* [WHAT TO WORK ON]: Below this line are records; transcribe exactly the lines between the one holding "Patterned Quilted Tote" and the one holding "TOYABI Cars for", inclusive, and omit the pictures.

────────────────────────────────────────

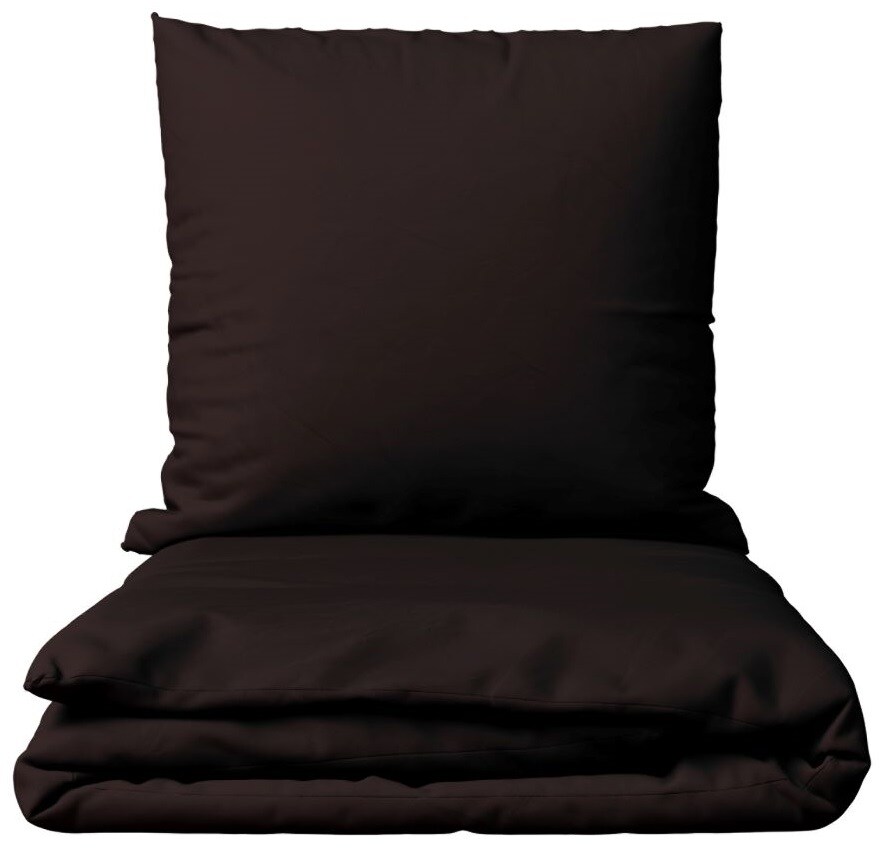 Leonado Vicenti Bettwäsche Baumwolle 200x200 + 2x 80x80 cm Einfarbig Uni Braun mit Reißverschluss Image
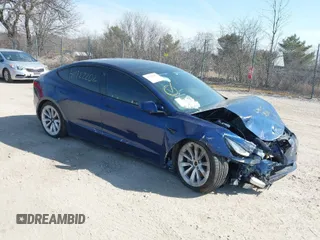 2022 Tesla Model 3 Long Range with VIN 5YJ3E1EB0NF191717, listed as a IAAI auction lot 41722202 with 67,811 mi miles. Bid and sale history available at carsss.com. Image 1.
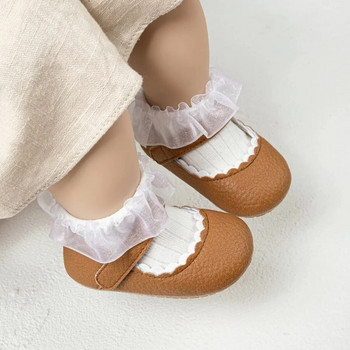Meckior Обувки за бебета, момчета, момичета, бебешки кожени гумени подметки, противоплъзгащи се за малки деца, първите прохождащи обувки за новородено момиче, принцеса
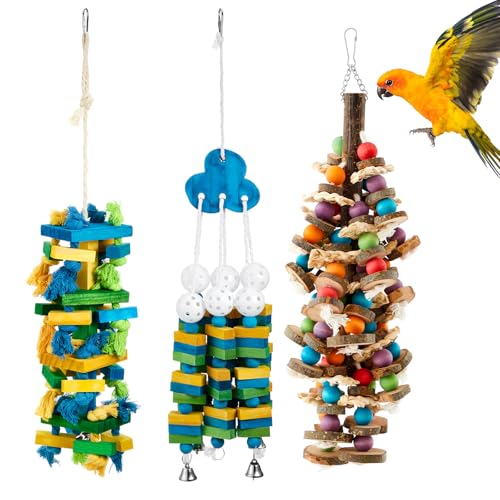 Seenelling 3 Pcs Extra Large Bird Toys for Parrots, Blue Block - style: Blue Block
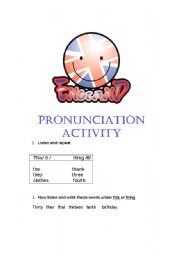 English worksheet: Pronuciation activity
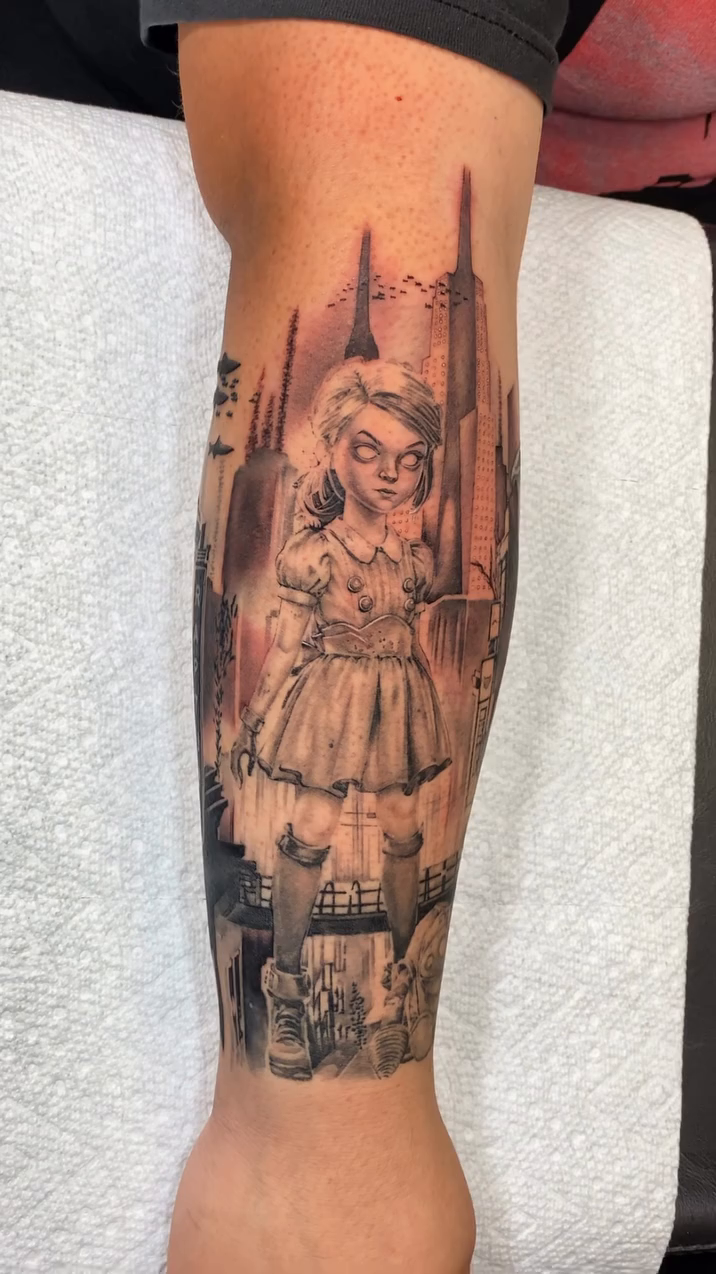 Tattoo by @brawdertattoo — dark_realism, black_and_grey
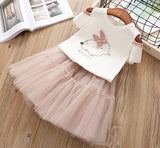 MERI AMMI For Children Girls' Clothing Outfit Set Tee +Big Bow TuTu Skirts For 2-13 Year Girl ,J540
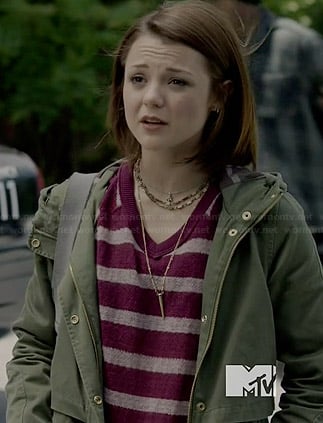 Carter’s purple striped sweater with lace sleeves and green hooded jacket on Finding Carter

────────────────────────────────────────

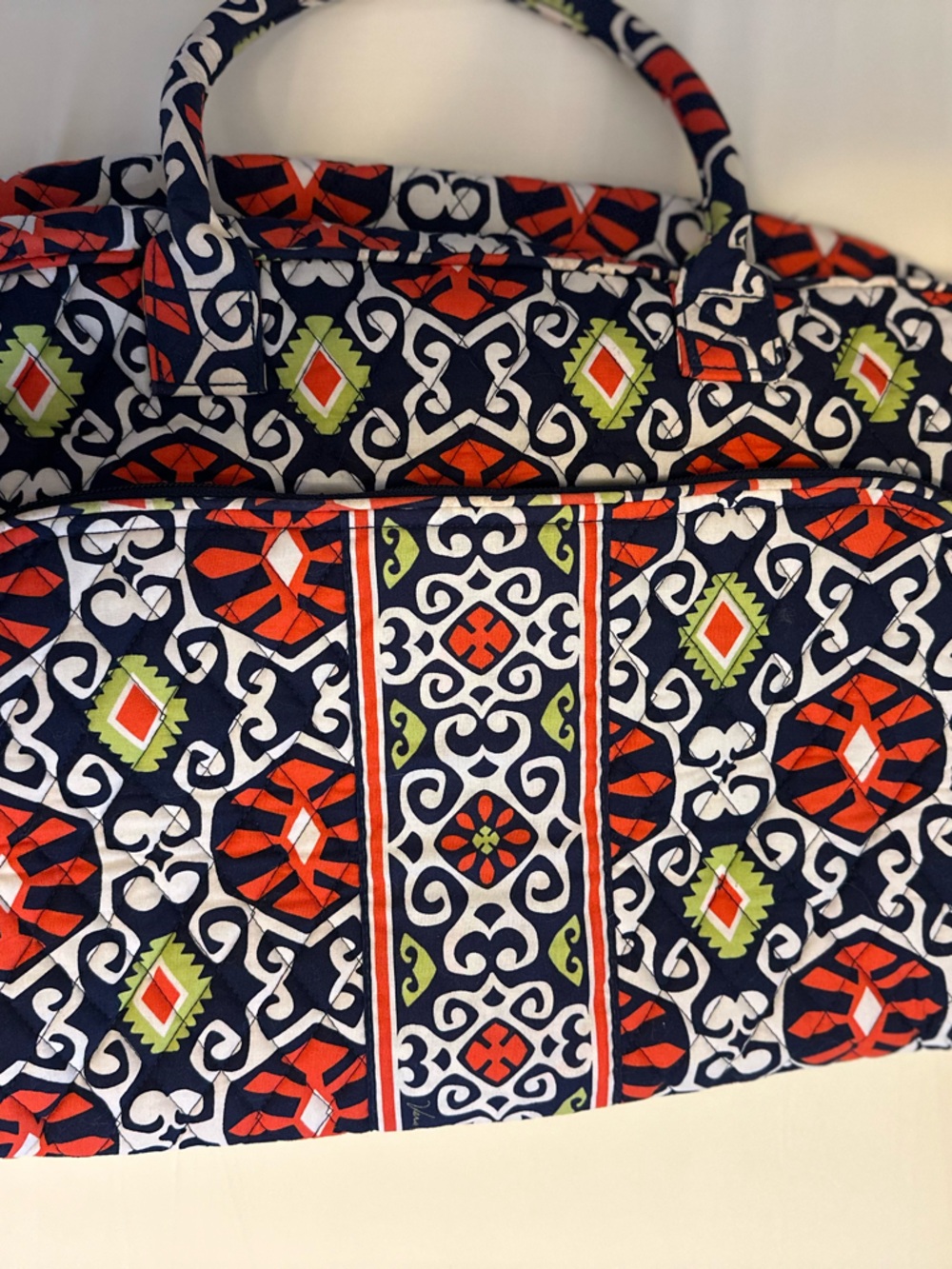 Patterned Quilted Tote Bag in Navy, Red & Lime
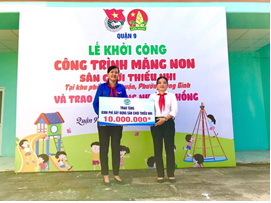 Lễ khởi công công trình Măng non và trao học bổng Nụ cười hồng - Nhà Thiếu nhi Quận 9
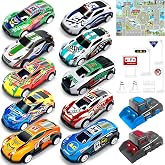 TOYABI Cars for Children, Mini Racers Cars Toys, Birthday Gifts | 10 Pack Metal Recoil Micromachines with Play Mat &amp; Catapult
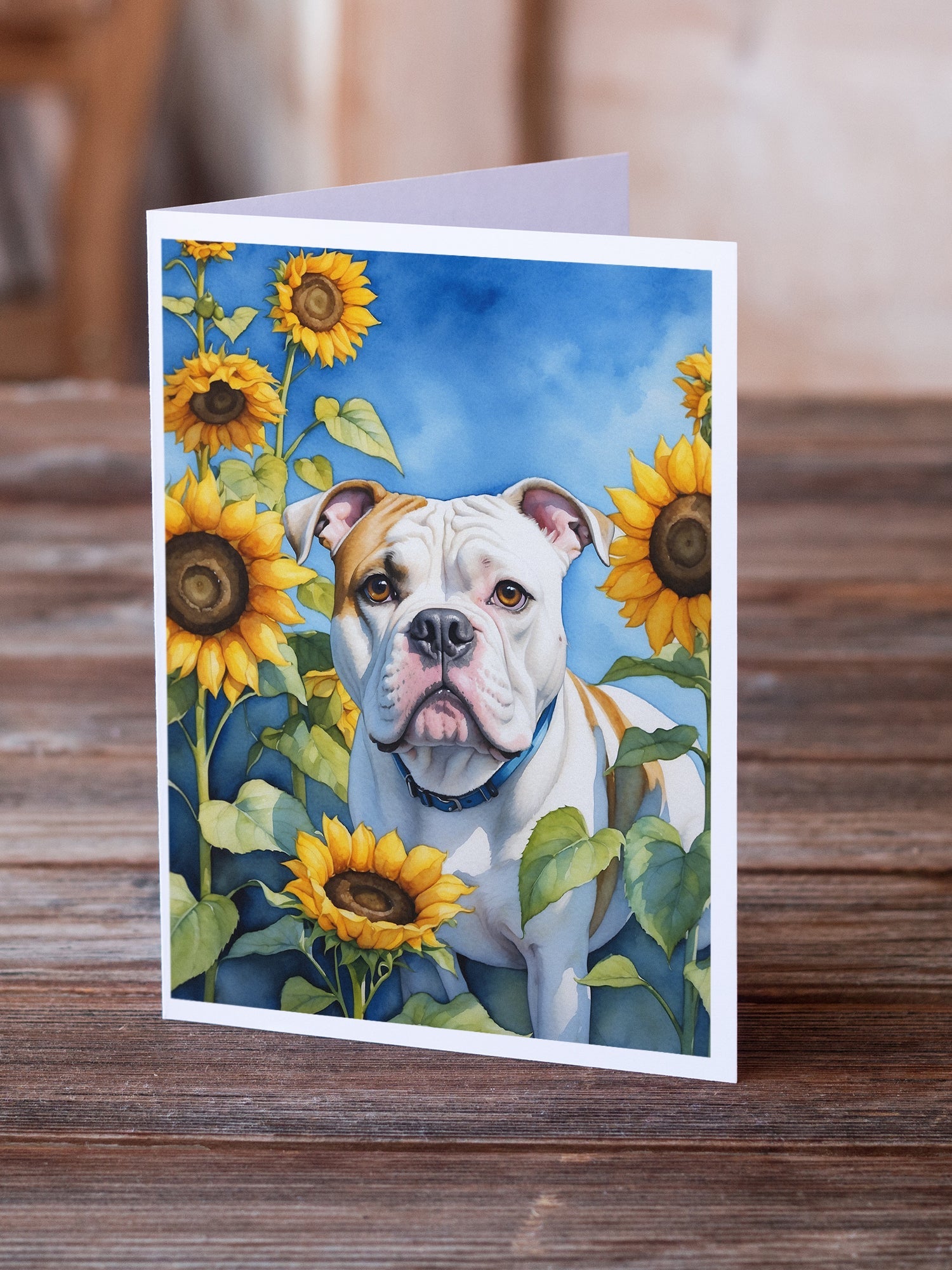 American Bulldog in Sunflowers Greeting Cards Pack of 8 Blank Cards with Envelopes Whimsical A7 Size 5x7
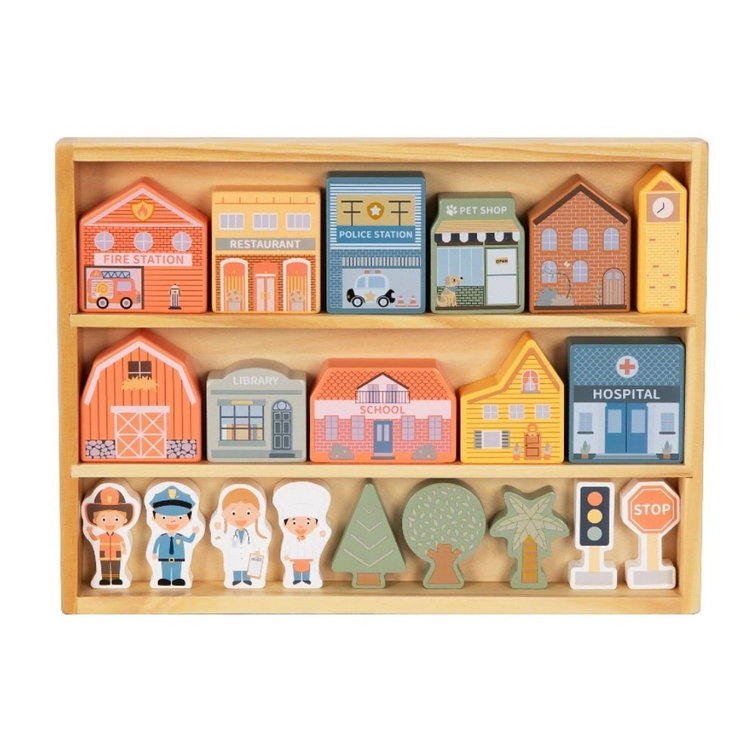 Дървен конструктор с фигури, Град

────────────────────────────────────────

* [ANSWER SECTION]:
 Patterned Quilted Tote Bag in Navy, Red & Lime
 Lễ khởi công công trình Măng non và trao học bổng Nụ cười hồng - Nhà Thiếu nhi Quận 9
 TOYABI Cars for Children, Mini Racers Cars Toys, Birthday Gifts | 10 Pack Metal Recoil Micromachines with Play Mat &amp; Catapult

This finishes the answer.